_Material for the task:_
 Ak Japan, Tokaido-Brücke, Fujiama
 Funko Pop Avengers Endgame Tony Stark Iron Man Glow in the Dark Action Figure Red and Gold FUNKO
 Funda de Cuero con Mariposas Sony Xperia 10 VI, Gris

--

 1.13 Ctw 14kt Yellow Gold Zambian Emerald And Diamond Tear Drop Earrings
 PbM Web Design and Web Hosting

_Prompt:_ Only the lines above that include the word "Gold" belong in the answer; copy each one.

_Response to the task:_
 Funko Pop Avengers Endgame Tony Stark Iron Man Glow in the Dark Action Figure Red and Gold FUNKO
 1.13 Ctw 14kt Yellow Gold Zambian Emerald And Diamond Tear Drop Earrings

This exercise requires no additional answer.